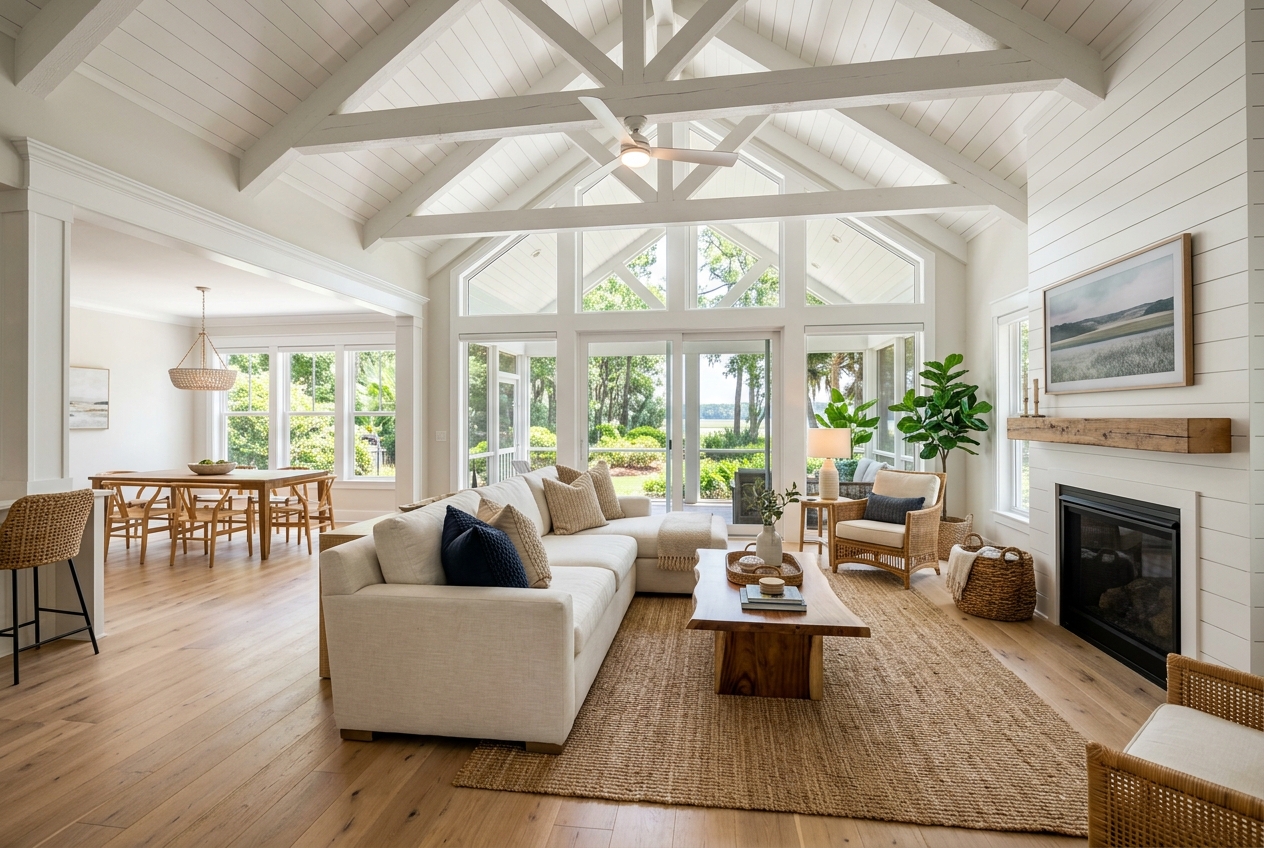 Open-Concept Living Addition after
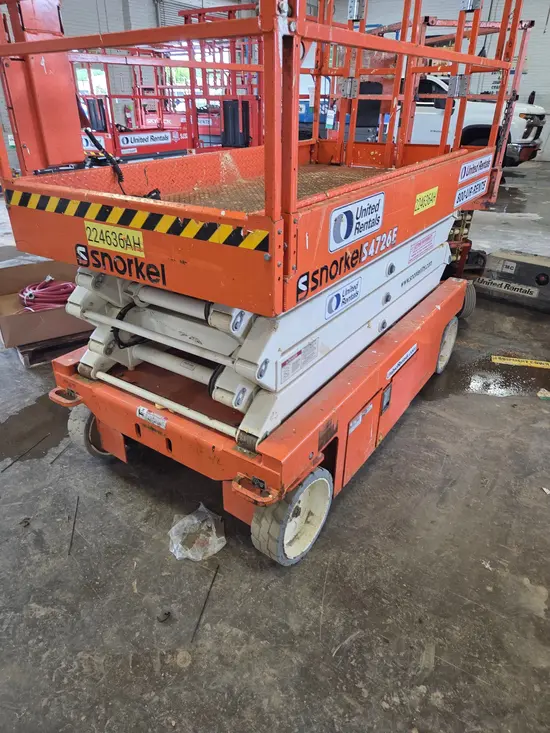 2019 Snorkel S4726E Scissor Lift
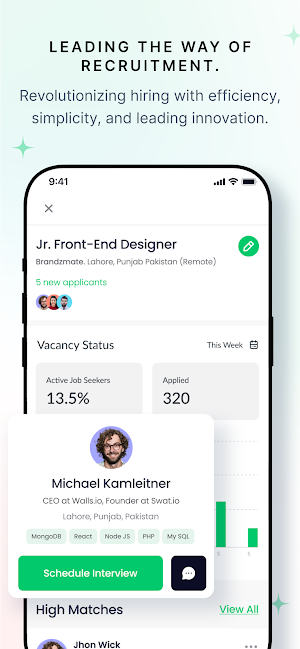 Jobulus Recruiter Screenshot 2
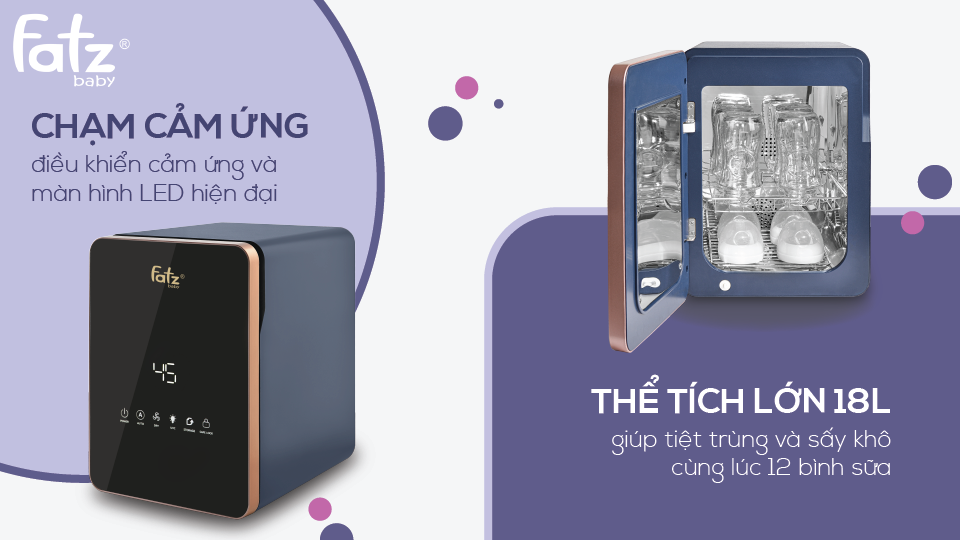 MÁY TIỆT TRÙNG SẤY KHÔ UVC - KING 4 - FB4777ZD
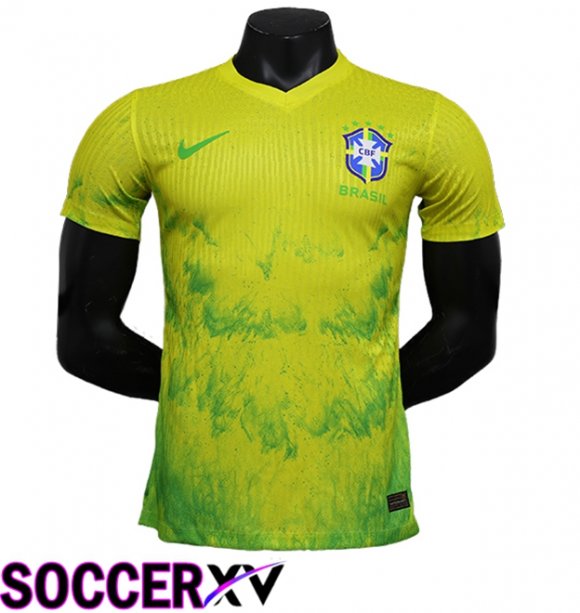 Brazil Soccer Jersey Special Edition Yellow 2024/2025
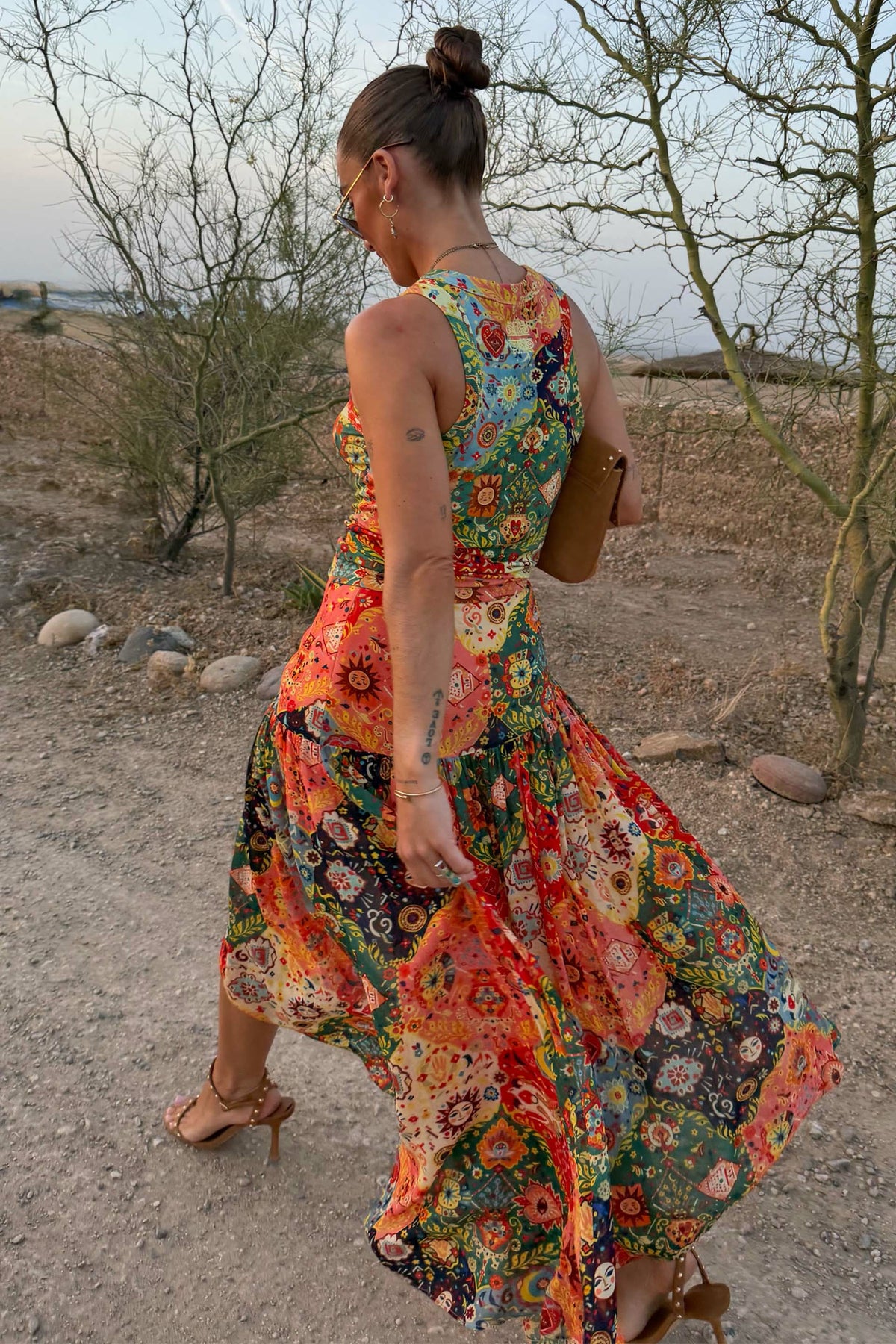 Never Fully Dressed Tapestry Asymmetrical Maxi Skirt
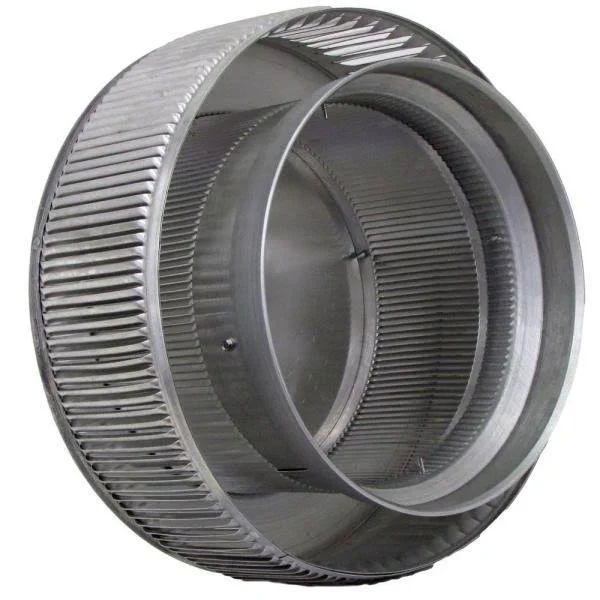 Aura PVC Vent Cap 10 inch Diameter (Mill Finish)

::::::::::

## Try it
Exact copy, no pictures: please print every record above as written.

## Result
 Open-Concept Living Addition after
 2019 Snorkel S4726E Scissor Lift
 Jobulus Recruiter Screenshot 2
 MÁY TIỆT TRÙNG SẤY KHÔ UVC - KING 4 - FB4777ZD
 Brazil Soccer Jersey Special Edition Yellow 2024/2025
 Never Fully Dressed Tapestry Asymmetrical Maxi Skirt
 Aura PVC Vent Cap 10 inch Diameter (Mill Finish)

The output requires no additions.